I introduced penalty profiles during the offseason, and I suggest you check it out for the brief explanation and a look at 2011 penalty profiles. Essentially, I have listed teams with penalties per 100 plays (thus as a percentage), and I grouped these penalties into seven categories. Boise State, for example, is good at avoiding procedural penalties (e.g., false start, illegal shift, etc.) but not so good at avoiding logistic penalties (e.g., delay of game, illegal substitution), while Auburn does the opposite. 

Some of this is driven by sparsity in the data - a single delay of game penalty can have a substantial impact on a team's penalty profile. But the results are also consistent with what we would expect: Army commits few penalties per play, but commits a relatively high number of procedural and offensive holding penalties. These are somewhat predictable given the nature of the offense and level of talent at West Point. Navy also commits a relatively high number of procedural and holding penalties. Surprisingly, the Midshipmen have also committed a relatively high number of player contact penalties (e.g., face mask, block in the back, etc.).
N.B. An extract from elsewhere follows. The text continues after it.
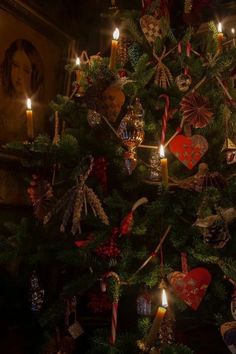 a christmas tree decorated with ornaments and candles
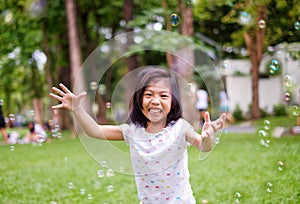 A cute girl playing with bubbles, laughing and smiling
Troy is the nation's more frequently penalized team per play. USC comes in second with an especially high number of logistic, procedural, holding and pass interference penalties. The first two are clearly associated with less-than-stellar coaching, while the last two are a product of poor coaching unless the team is just overwhelmed by superior talent on the other side (which is the not case for USC). So, either USC is poorly coached (big shocker) or referees hate the Trojans (wouldn't surprise me either).